The principle: fix the form, never the substance
The test is simple. You may correct things that affect how the words look, but not things that change what the customer said or meant. A testimonial is a representation that a real person said something specific. Cleaning up a typo does not break that representation; rewriting their opinion does.
- Form — spelling, obvious typos, missing or stray punctuation, capitalization, a doubled word. Fixing these is expected and uncontroversial; the customer would almost certainly thank you.
- Substance — the claims made, the level of enthusiasm, the specific details, the meaning of a sentence. Changing these turns their testimonial into your copywriting, and that is not honest.
When you are unsure which side a given edit falls on, ask whether the customer reading the published version would recognize it as the thing they wrote. If yes, you are on the safe side.

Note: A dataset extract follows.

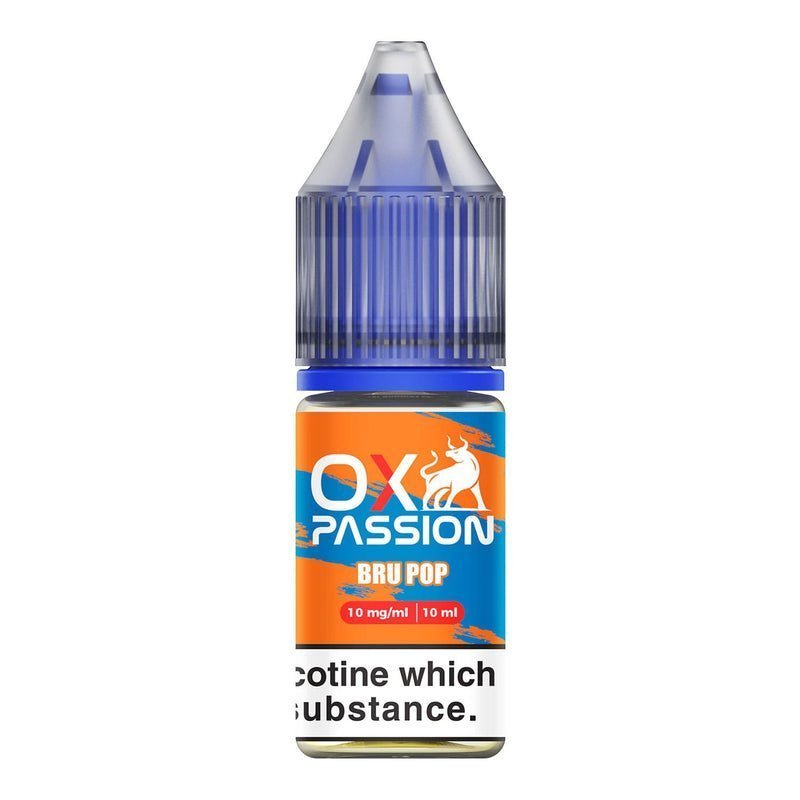 Oxva OX Passion Nic Salt 10ml E-liquids - Box of 10-Bru Pop-vapeukwholesale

What you may fix without asking
These are housekeeping corrections. Make them and move on:
- Clear typos: "teh" → "the," "recieve" → "receive."

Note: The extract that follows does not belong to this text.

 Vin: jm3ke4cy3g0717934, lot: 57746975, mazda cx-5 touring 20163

- Missing punctuation that makes a sentence hard to read.
- Capitalization at the start of sentences or for proper nouns.
- A duplicated word ("the the") or an obviously dropped small word.
- Trimming with an ellipsis, as long as the trim does not change the meaning of what remains.
None of these alters the customer's message. They make the quote read as if the customer had a moment with a copyeditor — which is a favor, not a distortion.
What you must never change without permission
Stop and get the customer's sign-off before touching any of these:
- The claim itself — do not upgrade "it helped" to "it transformed our business."
- Specific facts or numbers — do not round "about 20%" up to "30%," and do not invent a figure that was not there.
- The tone or strength — do not add superlatives the customer did not use.
- Anything that changes meaning, even if it reads better your way.
If you find yourself improving the argument rather than the spelling, you have crossed the line. At that point the honest move is not a silent edit but a question.
When a quick check-in is worth it
Some cases sit in the gray zone — an awkward sentence you could rephrase, a place where you suspect the customer meant something slightly different, or a quote so rough that light cleanup is not enough. Here, a short message protects you and usually delights the customer: "We'd love to feature this — mind if we tidy up a couple of small wording things? Here's the version we'd publish: [draft]. Happy to use your original if you prefer."
Showing the proposed version does two things. It gets you explicit consent for the wording you will actually publish, and it gives the customer a chance to correct anything you misread. Most reply within minutes with a "looks great." That tiny step converts a risky unilateral rewrite into an approved, on-the-record quote.
A practical default
For the vast majority of testimonials, follow this rule: silently fix anything that is purely spelling or punctuation, and check in for anything that touches meaning, strength, or facts. When in real doubt, send the draft. It costs you one short message and buys you a quote that is both clean and unmistakably the customer's own — which is the only kind worth publishing.